Thursday, January 03, 2008
"Hello! Photographing my knitted people, are you?"
Eek! It was Olive! I was caught.
"Yes," I replied. "I always take a picture to show my friends. We love your knitting."
"Are you local?"
Olive asks me this every time she meets me. I explained again that, yes, I only live up the road at the manor house.
"Would you like to see more of my knitted figures?"
"Um....well I'm a bit pushed for time."
"I've got loads more in the back of my shop, come and look."
It was hard to refuse. The shop was right there and I had been caught showing an interest. Olive ushered me through, into the dark recesses beyond the counter. The bell above the door jangled as someone else came into the shop. "I'll leave you to it," she said.

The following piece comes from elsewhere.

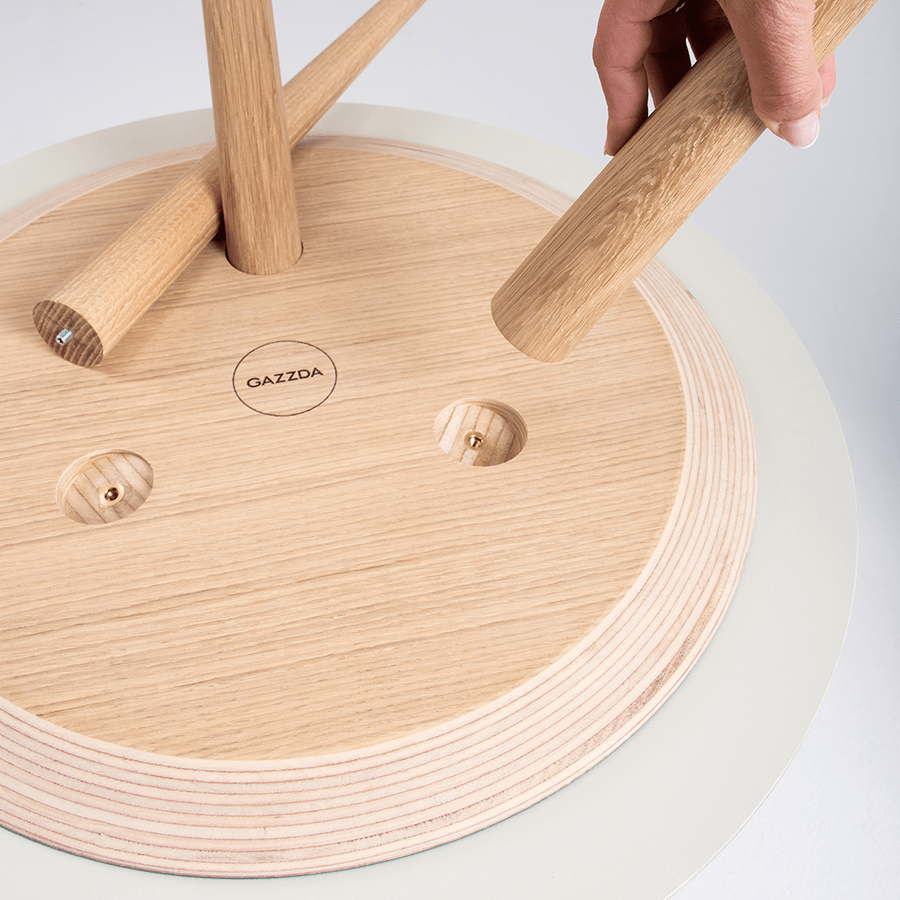 GAZZDA ROUND ARP TABLE WHITE OAK 55CM - DYKE & DEAN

And so I found myself alone in a room surrounded by life-sized knitted figures. Apart from what I think was a knitted mayor. He was half the size of all the others. I don't know why.I wondered how long was the politely correct amount of time to spend on my own among the knitted people. My cameraphone pictures weren't doing them justice, my hands were far too shaky with the excitement of it all.I texted McColleague. "I am in the back of Olive's wool shop! If I appear in knitted form in a shop window in a few days time you will know I fell to the House of Wool." And I sent an accompanying picture to illustrate my predicament.After a while I decided to venture back out again. Olive was serving some customers in the front of the shop so I was able to call out a cheery "Well, thanks for that, I've some lovely pics now to show everyone!" as I made for the door without slowing or making eye contact.I must return the favour when the house re-opens and invite Olive along to see our Nursery Rhyme Trail. I've a feeling she'd really like it.